Ultimately there's the money lending. I 'use' lending loosely. Lending is something libraries do, with the expectation they'll be getting their books back. What parents of teenagers do is more akin to what Jesse James did to banks and trains. "Hey dad, how's about spotting me a Hamilton?" really translates to: "If you don't loan me twenty dollars, I'll park in front of your spot in the garage so you can't get out, invite Smelly Melly over for dinner every night this week, grow my hair over my eyes, turn my amp up two numbers when I'm 'practicing', and mess with the internet so only those of us under 25 will know how to get online." Here, take the twenty and leave everything else alone, for God's sake!
I know all this sounds like a lot of gloom and doom. But please remember that all of that just concerns raising teenagers. That stuff happens all over the country, every day of the year. Poor parents are succumbing to the onslaught of teenage-dom even as I write! So what's the answer? How do you SURVIVE teenagehood?

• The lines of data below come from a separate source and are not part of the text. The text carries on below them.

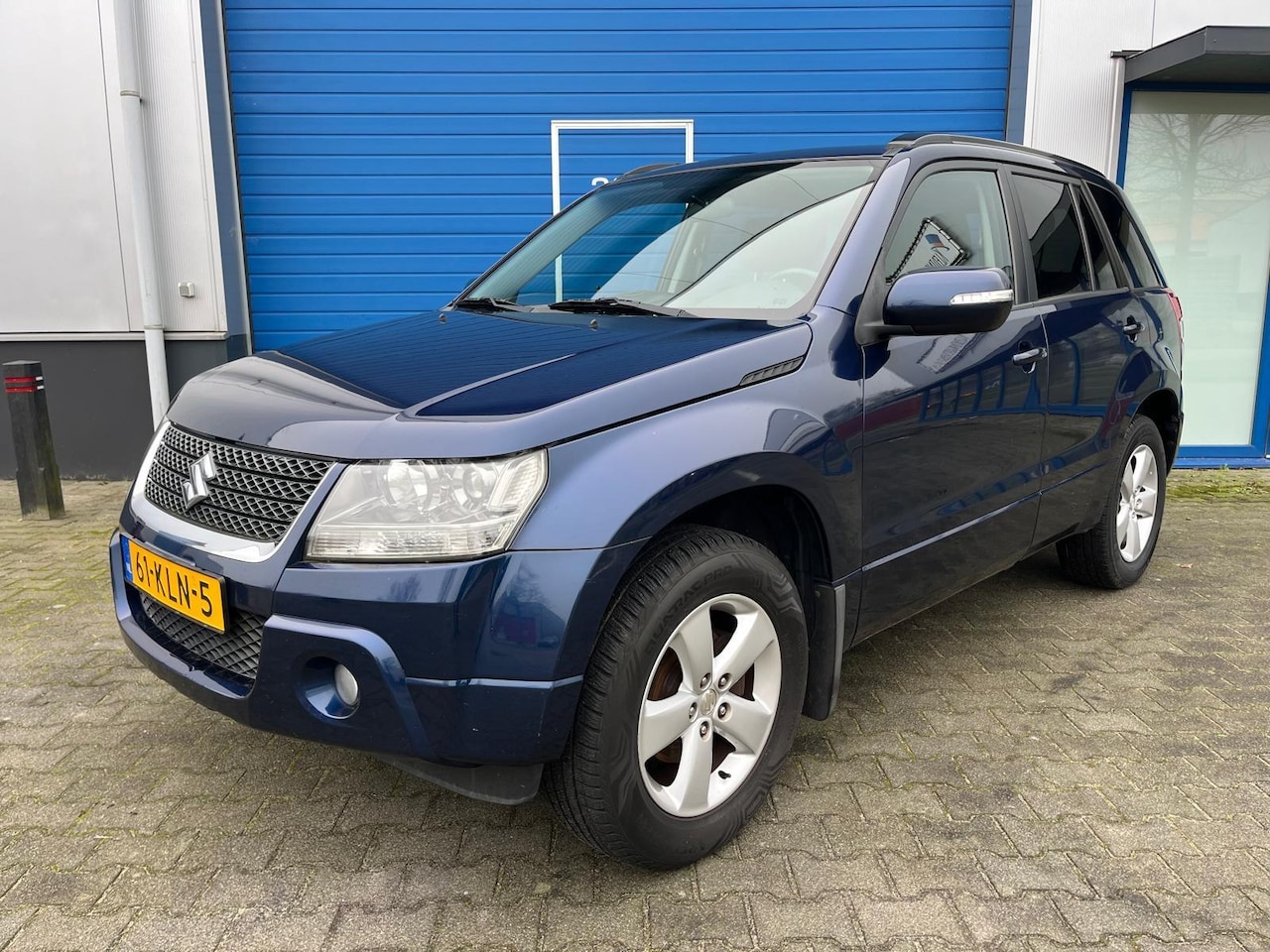 Suzuki Grand Vitara - 2.4 169pk Exclusive / 4 x 4 / Airco/climate / Cruise Control / Trekhaak / volledig bijgeho - AutoWereld.nl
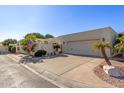 Single story home with light colored stucco and attached garage at 6945 E Glenrosa Ave, Scottsdale, AZ 85251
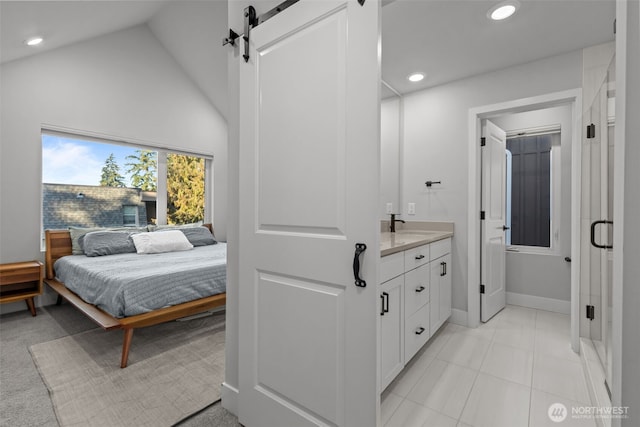 bedroom featuring recessed lighting, lofted ceiling, a barn door, and a sink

Easy. The answer is FOOD MAINTENANCE. Yes, you'll have to spend most of your second mortgage on frozen and carbonated food and drink items. That's been clearly delineated earlier. But I'm not talking about food maintenance for your teenagers. The secret to surviving life with your teenagers is taking control of your own food maintenance. I have discovered the secret, the Fountain of Eternal Parental Happiness. YOU MUST CHOOSE FOODS TO EAT THAT YOU AND ONLY YOU COULD EVER POSSIBLY ENJOY! Stop buying Frosted Flakes and expecting to ever eat a bowl of them. Think 'BRAN'. Teenagers are allergic to it; and with enough sugar (that you'll have to hide in your sock drawer) even bran is edible. I hope you've given up your youthful desires for pizzas containing typical pizza toppings like pepperoni, sausage, and extra cheese. Those delicacies will never make it past the gluttonous, ever-chomping jowels of your 14 year old. Choose instead those toppings despised by anyone under middle age, or perhaps vegans: artichokes, capers, leeks, and goat cheese. With enough practice and Beano, you'll learn to love those toppings that you once thought inedible. And finally, forget about ever making it to the fridge and finding a Hunt's Snack Pack of chocolate pudding for yourself. Tapioca is the key! Those little pearls of adult goodness send teenagers running for the Quick Trip.
So, hold your heads high, parents of teenagers. The secret is revealed: Dogs love it! They'll eat anything. And so can you.